• [Supplied data]

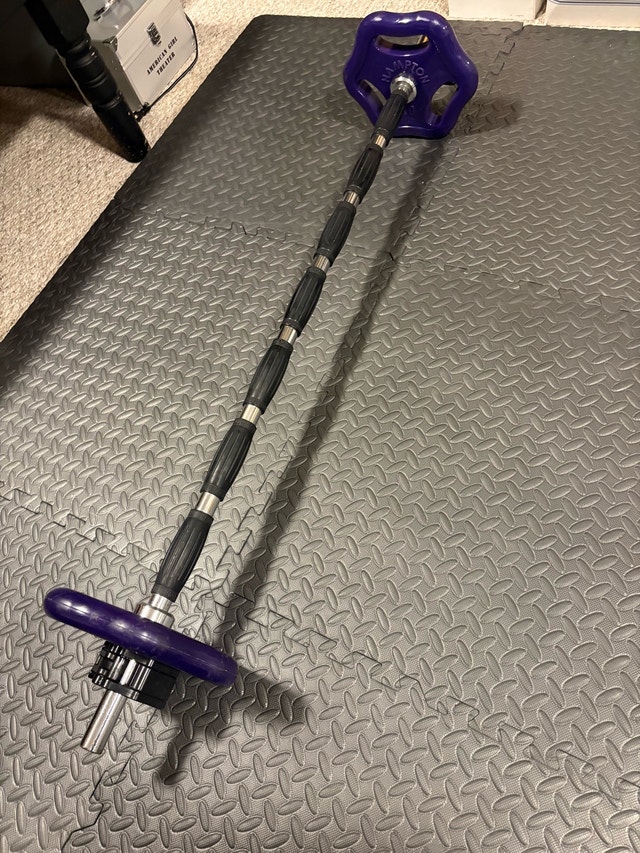 Work out bar, with weights and locks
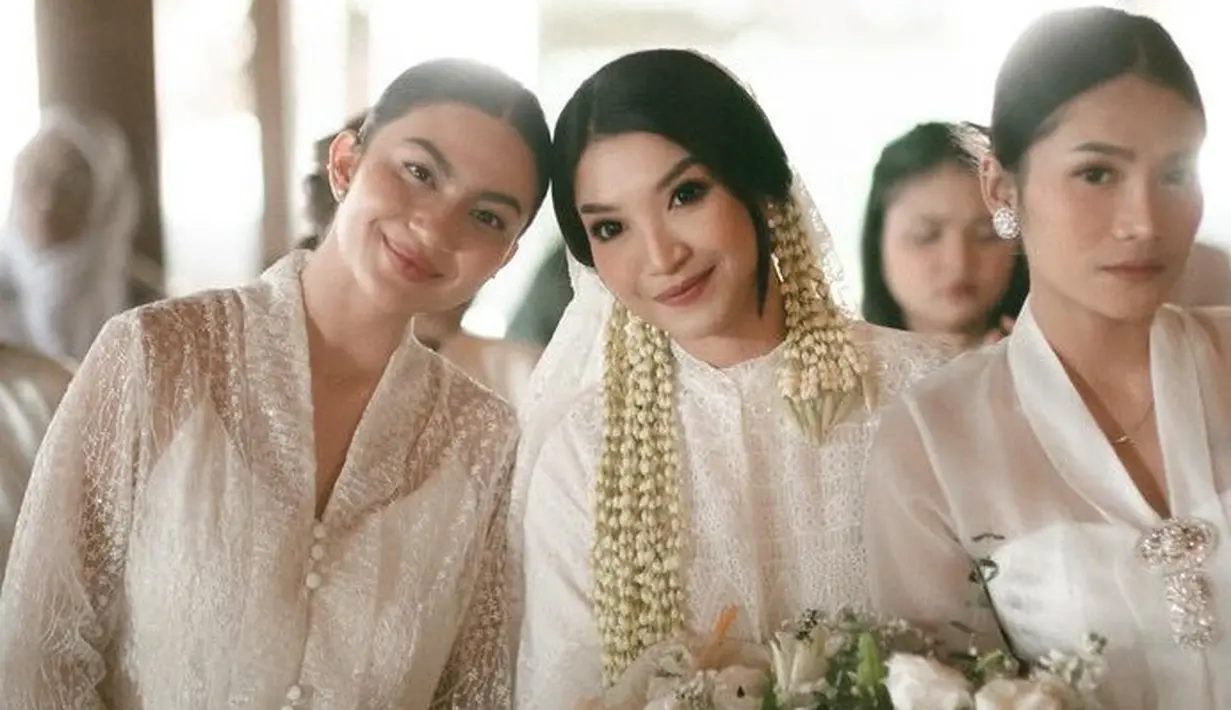 Ariel Tatum pun tampil dengan riasan wajah natural, meski begitu ia tetap memerlihatkan wajah glowingnya. [@eghadelatoya]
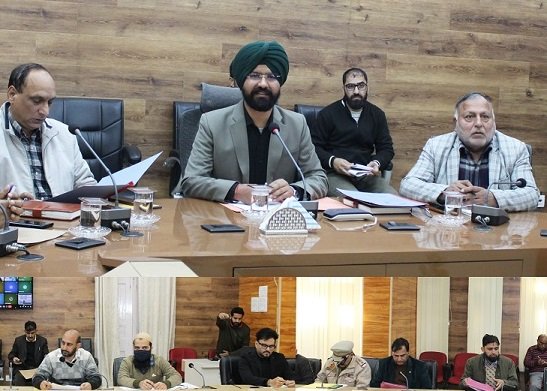 CentreDoda's tweet image. DC Doda @harvinder_ias chaired a meeting to ensure smooth, dignified and inclusive Republic Day celebrations at Sports Stadium Doda with security, traffic, cultural programmes, public participation and inter-departmental coordination.
#RepublicDay2026 #Doda #Tiranga @diprjk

• [Problem requirements] Write out every line above again exactly, with the pictures left out.

• [Output of the task]
 Work out bar, with weights and locks
 Ariel Tatum pun tampil dengan riasan wajah natural, meski begitu ia tetap memerlihatkan wajah glowingnya. [@eghadelatoya]
 CentreDoda's tweet image. DC Doda @harvinder_ias chaired a meeting to ensure smooth, dignified and inclusive Republic Day celebrations at Sports Stadium Doda with security, traffic, cultural programmes, public participation and inter-departmental coordination.
#RepublicDay2026 #Doda #Tiranga @diprjk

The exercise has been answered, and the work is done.